Bannock is a form of bread that served as a staple in the diets of early settlers and fur traders. Most Indigenous nations in North America have some version of bannock. Inuit call it palauga, Mi’kmaq luskinikn, and Ojibwe ba‘wezhiganag. The word derives from the Gaelic bannach, meaning morsel, which in turn likely came from the Latin panis, which means bread. Bannock is usually unleavened, oval-shaped and flat. The version that we know today came from Scotland. In its most rudimentary form, it is made of flour, water, and fat or lard. Milk, salt, and sugar are often added, depending on the recipe. It is traditionally cooked by mixing the ingredients into a large, round biscuit and baked in a frying pan. Today, most often, bannock is baked in the oven, making it heavy and dense; or it is pan-fried, light and fluffy; or it is deep-fried.
History of Bannock
It is conventionally believed that Scottish fur traders called Selkirk settlers introduced bannock to the Indigenous peoples of North America during the 18th and 19th centuries. (See also Fur Trade in Canada.) The Scots cooked it in a griddle called a bannock stone, which they placed on the floor before a fire. Scottish bannock was usually made of barley, peameal, or oatmeal. Wheat flour was later introduced. Indigenous people eventually adopted bannock, often using corn flour or plants rather than the wheat flour of Europeans.
Bannock became a staple for voyageurs, fur traders, prospectors, and later, Indigenous peoples. It is a quick and simple carbohydrate-rich food, which was hard to come by in many parts of Canada. Many would mix the dough right into their flour bag, and toss it onto a pan whenever the need arose.
Bannock is a reminder that Indigenous peoples were forced to eat new foods when the Europeans colonized the land that is now Canada. Many Indigenous peoples were moved off their territories and onto reserves, where they were not able to hunt as they once did. The Canadian government supplied them with rations of things such as flour, lard, sugar and eggs. Bannock became a necessity to prevent starvation on reserves.

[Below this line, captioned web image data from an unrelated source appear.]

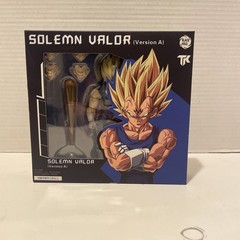Black Hole Toys Majin Vegeta Solemn Valor Ver A Third Party Figure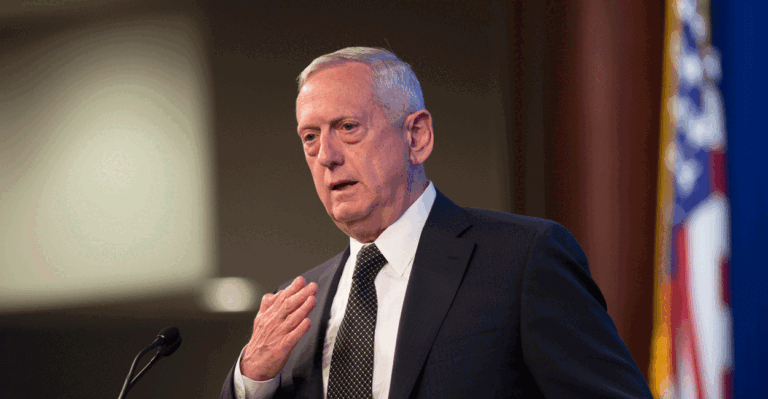 4 Things to Know About ‘Mad Dog’ Mattis, Trump’s Pick for Defense Secretary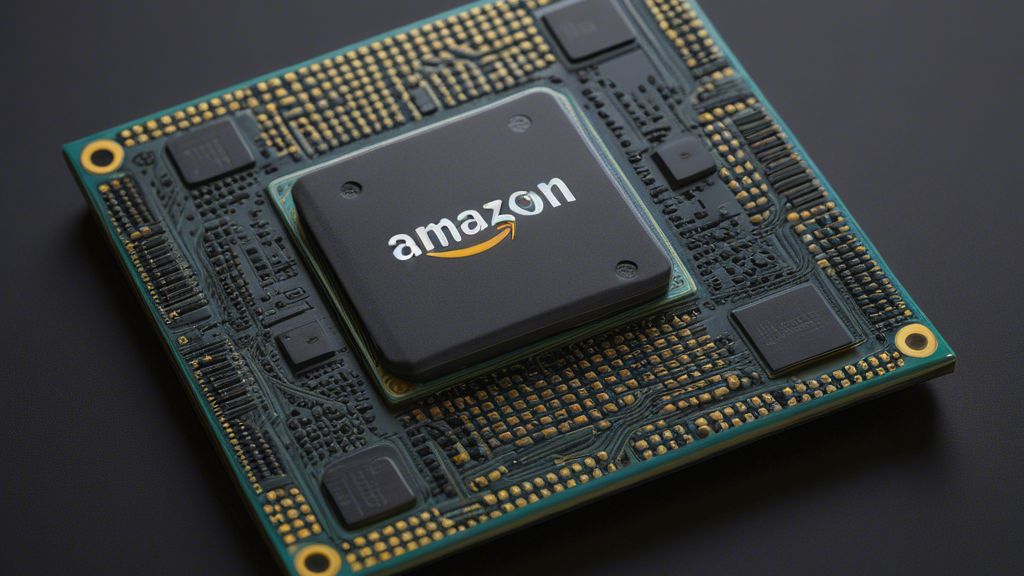 Amazon’s Bold Plan to Rival Nvidia in AI Chips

While bannock has its roots in Europe, some Indigenous nations in North America had versions of unleavened bread-like foods. These were often made from the starch or flour of bracken rhizomes (the underground stems of ferns), which were cooked or baked on rocks over fire, in sand, or in cooking pits or earth ovens. For example, camas bulbs (an herb from the lily family) would have been baked for long periods of time, dried, and then flattened or chopped, and formed into cakes and loaves.
Did You Know?
To celebrate National Aboriginal Day (now National Indigenous Peoples Day) in June 2000, Michael Blackstock, Aboriginal Affairs Manager of the Kamloops Forest Region in British Columbia, published a small booklet entitled “Bannock Awareness.” It contained a brief history of bannock along with recipes. It also included information about land claims, Indigenous rights, and historical notes on the relations between First Nations and settlers.

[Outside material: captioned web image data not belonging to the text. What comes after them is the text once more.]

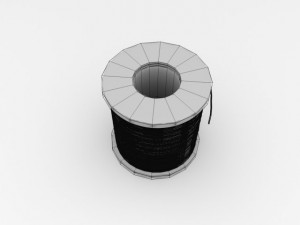 solder 3D Model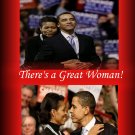 Behind Every Good Man (Red)
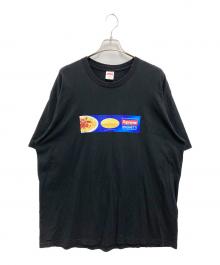 SUPREME（シュプリーム）の古着「SPAGHETTI TEE」｜ブラック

Bannock is popular today among First Nations at powwows, festivals and family gatherings. The bannock at these events is usually deep-fried, pan-fried, or oven baked. There are different variations of bannock. For example, some enjoy “lichen bannock,” which is made by pit-cooking or steaming black tree lichen to make bannock-like licorice. Some recipes call for berries such as saskatoons to be added for sweetness.

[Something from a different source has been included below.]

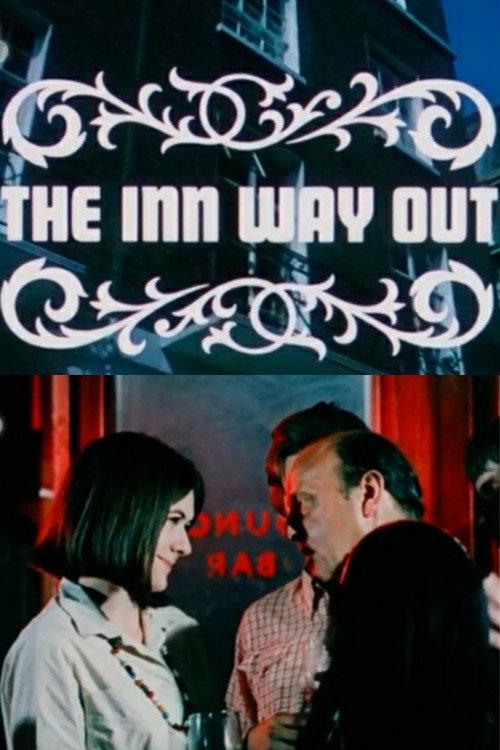 The Inn Way Out 1967 official movie poster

Bannock plays an important role at restaurants and cafes owned and operated by Indigenous entrepreneurs. At Kekuli Cafe, which has four locations in British Columbia, the slogan is “Don’t Panic... We Have Bannock!” It continues to be a mainstay in popular Indigenous culture. (See also Notable Indigenous Entrepreneurs in Canada.)
“Indian tacos” are another modern adaptation that has become a staple on the powwow circuit. The fried bread is sometimes topped with chili, shredded cheese, lettuce, chopped tomato, along with sour cream and salsa. Indian tacos are now spreading from powwows into the Toronto food scene. Recently, Ojibwe chef Shawn Adler has opened Pow Wow Cafe, where he sells Indian tacos. Adler is pushing the Indian taco further by exploring different renditions, such as beef chili, veggie chili, pulled pork and jerk chicken.
Unfortunately, all that fried bread means bannock can contribute to expanding waistlines. Fortunately, healthier alternatives are available. To cut down the empty calories, use whole wheat flour and maple syrup or honey for sweetness.
For many Indigenous peoples trying to decolonize their lives, bannock can be a tricky subject. With the European influences of modern cooking utensils and flour, along with the impact of the rationing on reserves, bannock bears many traces of a colonial history. However, by exploring the old ways of making bread-like foods, along with experimenting with new recipes, cooking bannock can be empowering.